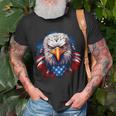 4Th July American Pride American Eagle Symbol Of Freedom Unisex T-Shirt Gifts for Old Men
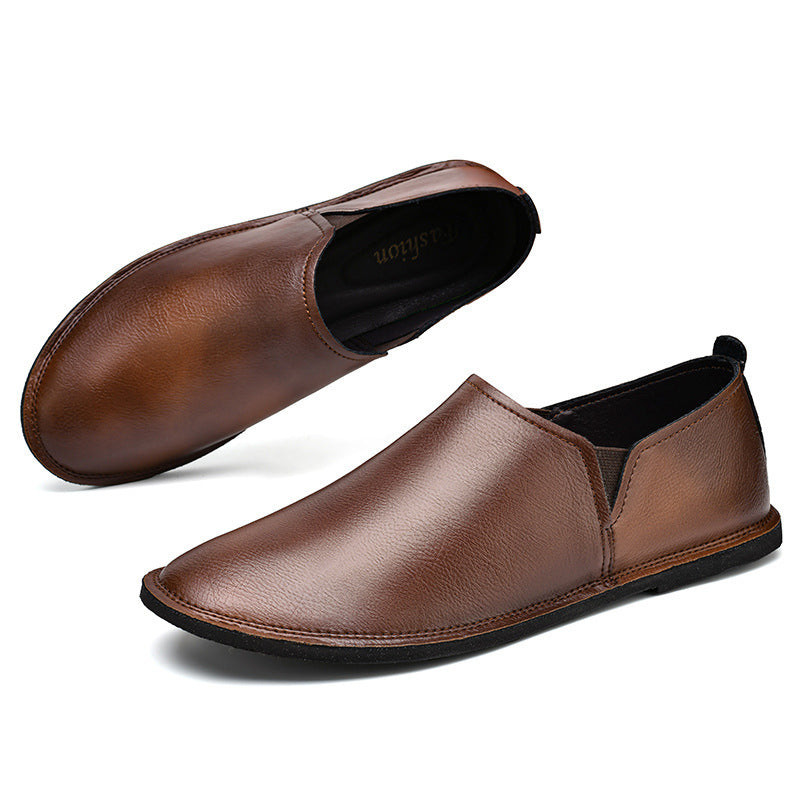 Ressort Bas-top Chaussures à glissement en grandes tailles
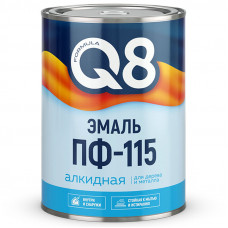 Эмаль ПФ-115 Q8 Шоколад Формула 0,8 кг.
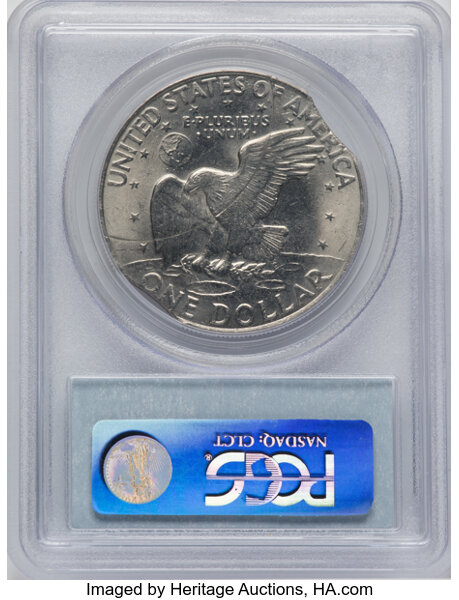 image for: 1972 Type 1 $1  PCGS MS63
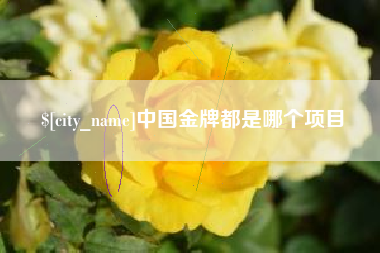 克孜勒苏中国金牌都是哪个项目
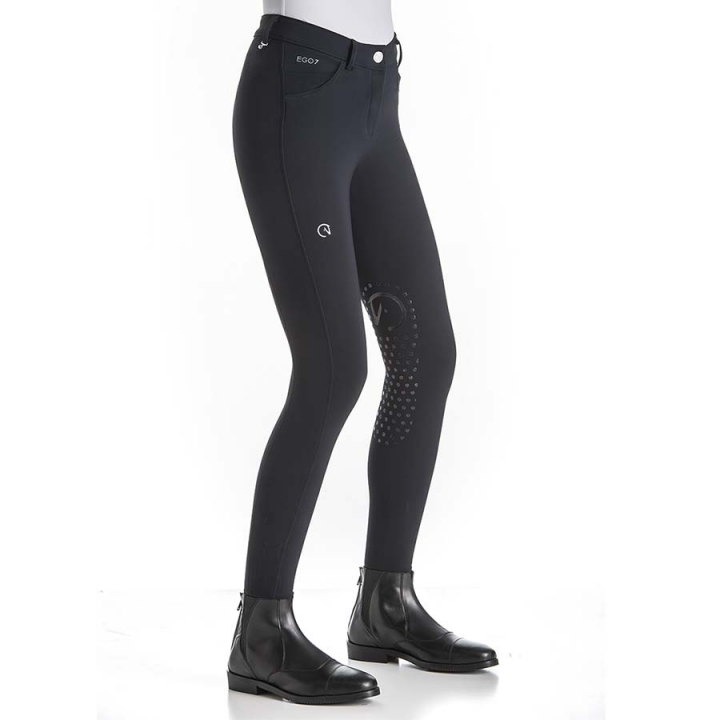 Riding Breeches Jumping VB Black in the group Equestrian Clothing / Riding Breeches & Jodhpurs / Breeches at Equinest (BJUVB_S_r)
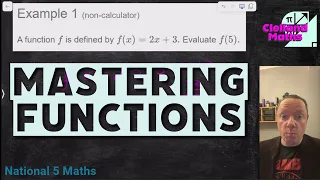 How to Master FUNCTIONS National 5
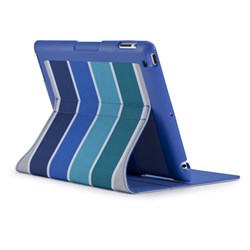 Apple Compatible Speck FitFolio Hybrid Folio - ColorBar Arctic Blue SPK-A1660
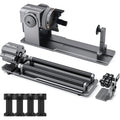 ATOMSTACK R1 Pro Laser Roller 4 in 1 Rotary With Risers Multi-Function Engraving Module Jaw Chuck for Round Irregular Objects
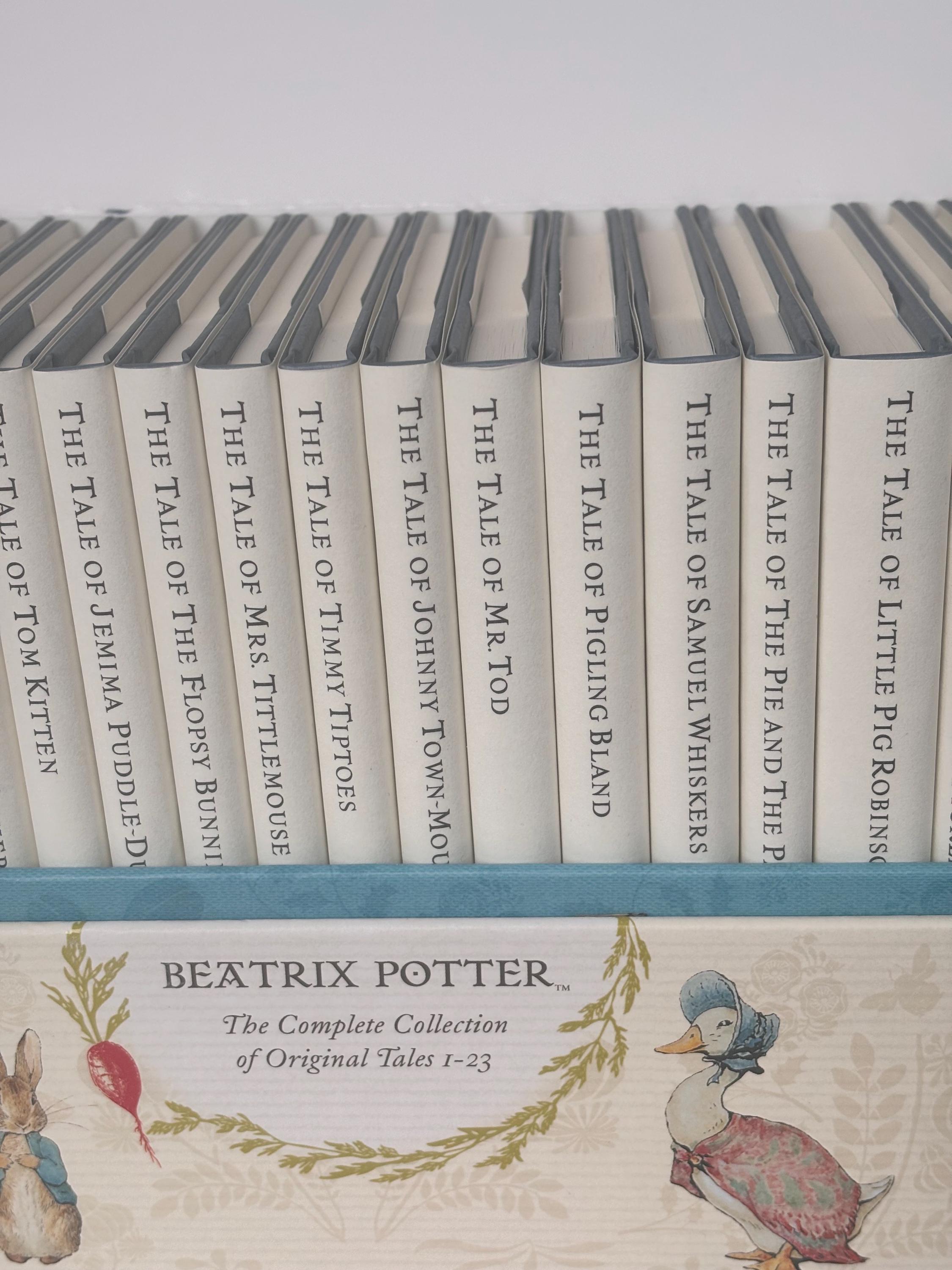 The World of Peter Rabbit 23冊セット Amazon.com: The World of Peter Rabbit 23 Vol Box Set White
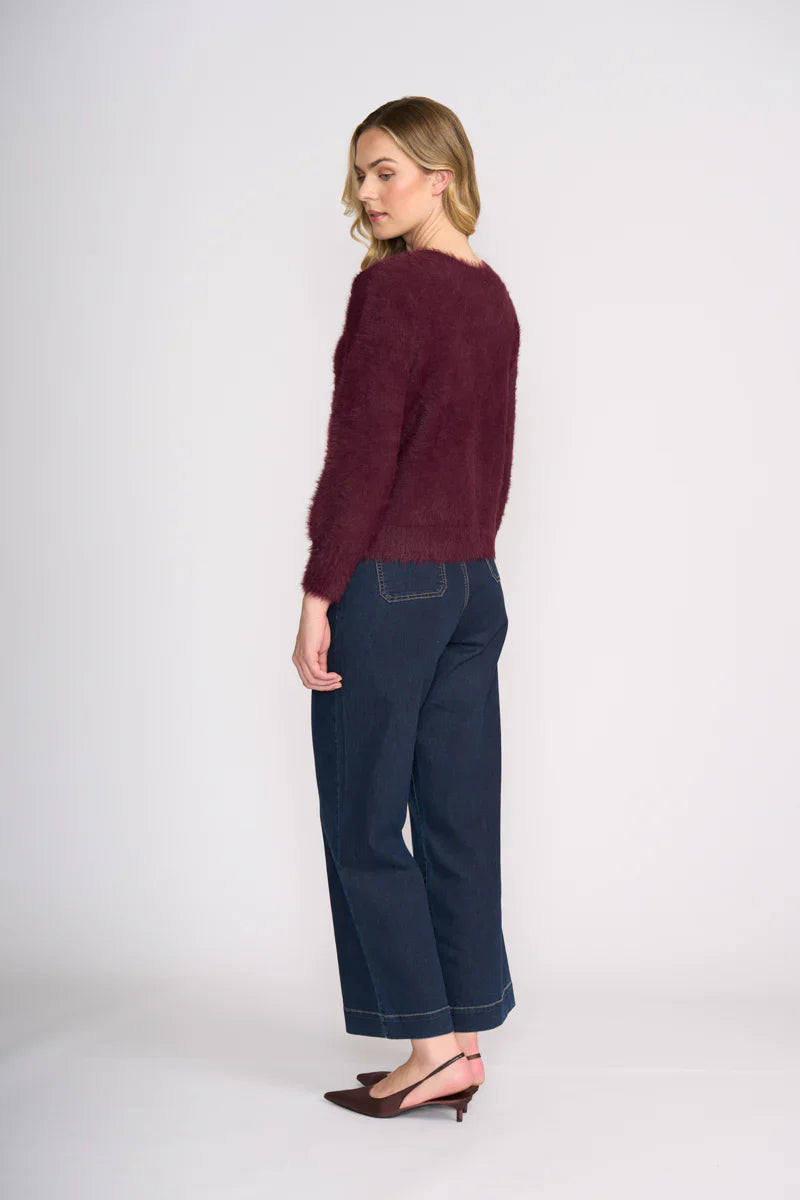 Fluffin Cute Reversible Cardi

Task goal >>
The records above are to be restated word for word, with every picture left out.

Written answer >>
 4Th July American Pride American Eagle Symbol Of Freedom Unisex T-Shirt Gifts for Old Men
 Ressort Bas-top Chaussures à glissement en grandes tailles
 Эмаль ПФ-115 Q8 Шоколад Формула 0,8 кг.
 image for: 1972 Type 1 $1  PCGS MS63
 克孜勒苏中国金牌都是哪个项目
 Riding Breeches Jumping VB Black in the group Equestrian Clothing / Riding Breeches & Jodhpurs / Breeches at Equinest (BJUVB_S_r)
 How to Master FUNCTIONS National 5
 Apple Compatible Speck FitFolio Hybrid Folio - ColorBar Arctic Blue SPK-A1660
 ATOMSTACK R1 Pro Laser Roller 4 in 1 Rotary With Risers Multi-Function Engraving Module Jaw Chuck for Round Irregular Objects
 The World of Peter Rabbit 23冊セット Amazon.com: The World of Peter Rabbit 23 Vol Box Set White
 Fluffin Cute Reversible Cardi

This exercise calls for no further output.